The current price, Macaulay duration, and modified convexity of a bond are calculated using the coupon payments, face value, and effective yield rate.

Step-by-step explanation:

To determine the current price, Macaulay duration, and modified convexity of a 10-year bond with a face value of $1000, an annual coupon rate of 6%, and an annual effective yield rate (i) of 4%, we need to calculate each component step by step:

  1. Current Price: The bond pays a monthly coupon, which means the coupon payment is $1000 x 0.06 / 12 = $5 per month. To get the present value of these coupon payments, we would discount each monthly payment back to the present using the annual effective yield rate. Additionally, we would discount the face value of the bond back to the present. The sum of these present values is the current bond price.
  2. Macaulay Duration: Macaulay duration measures the weighted average time to receive the bond's cash flows. We calculate this by taking the present value of each cash flow multiplied by the time it is received and then dividing by the current price of the bond.
  3. Modified Convexity: This measures the sensitivity of the bond's duration to changes in yield rates. It is calculated by taking the second derivative of the price function with respect to yield, and then normalizing it by the current bond price.

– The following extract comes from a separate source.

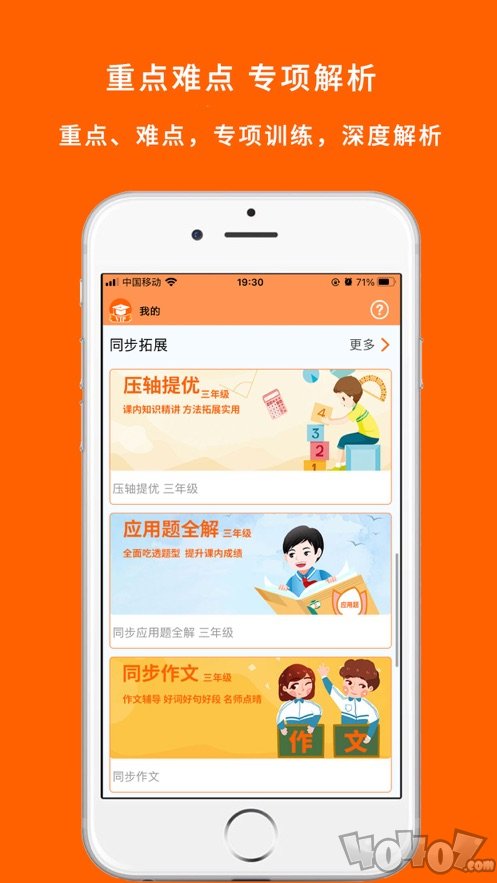英语学习课‪堂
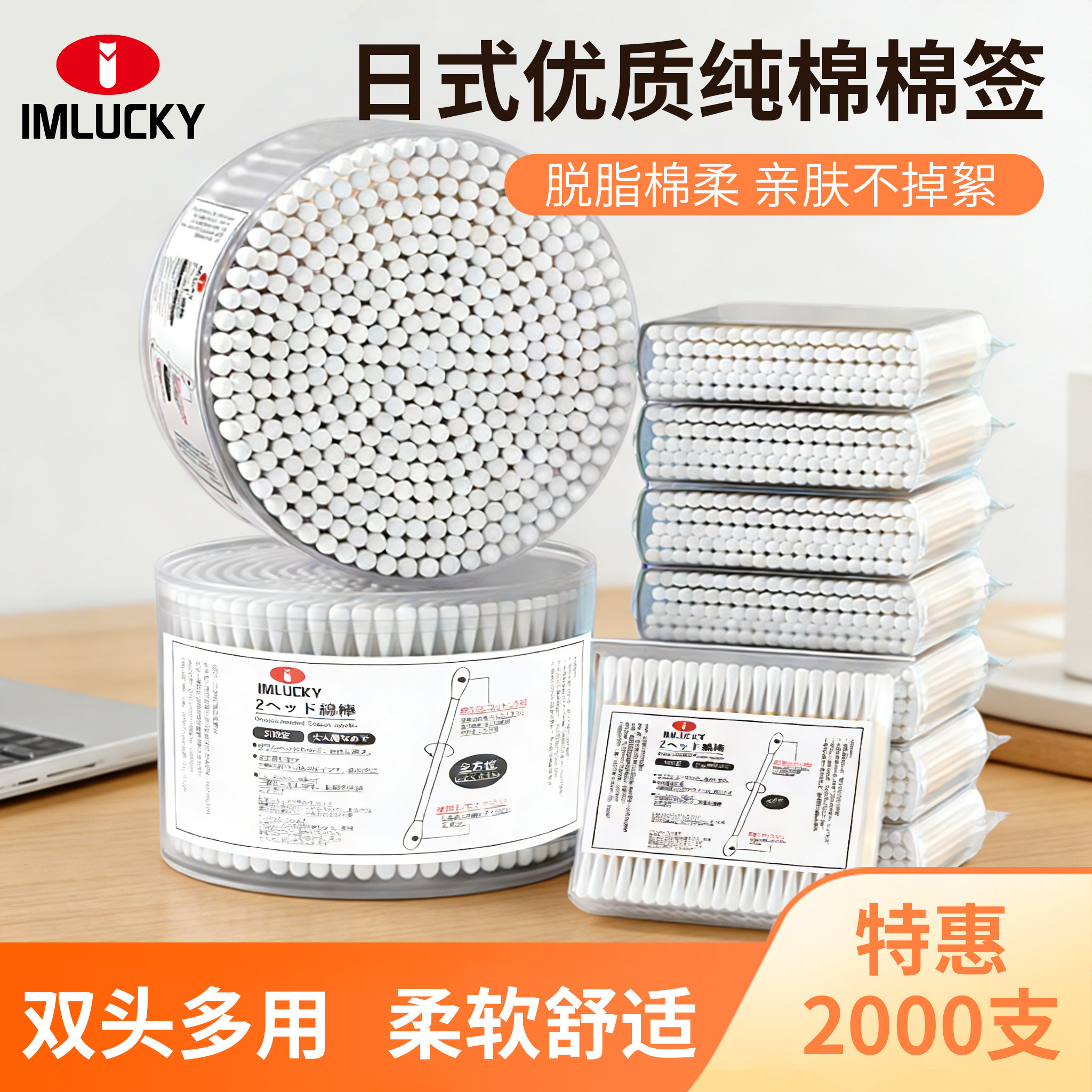 棉签掏耳朵专用双头大人化妆清洁神器一次性不掉毛家用盒装棉花棒,家庭/个人清洁工具,棉签/棉棒/棉包,淘宝优惠券,粉丝福利购,淘宝优惠卷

For the second part of the question, if the annual effective yield rate is raised to 4.8%, we use second order approximation, which involves both the duration and convexity of the bond:

  • The price change due to the duration is calculated by multiplying the duration by the change in yield (in decimal form).
  • The price change due to the convexity is calculated by multiplying one-half of the modified convexity by the square of the change in yield (in decimal form).

The estimated new price of the bond is the current price adjusted for these two factors.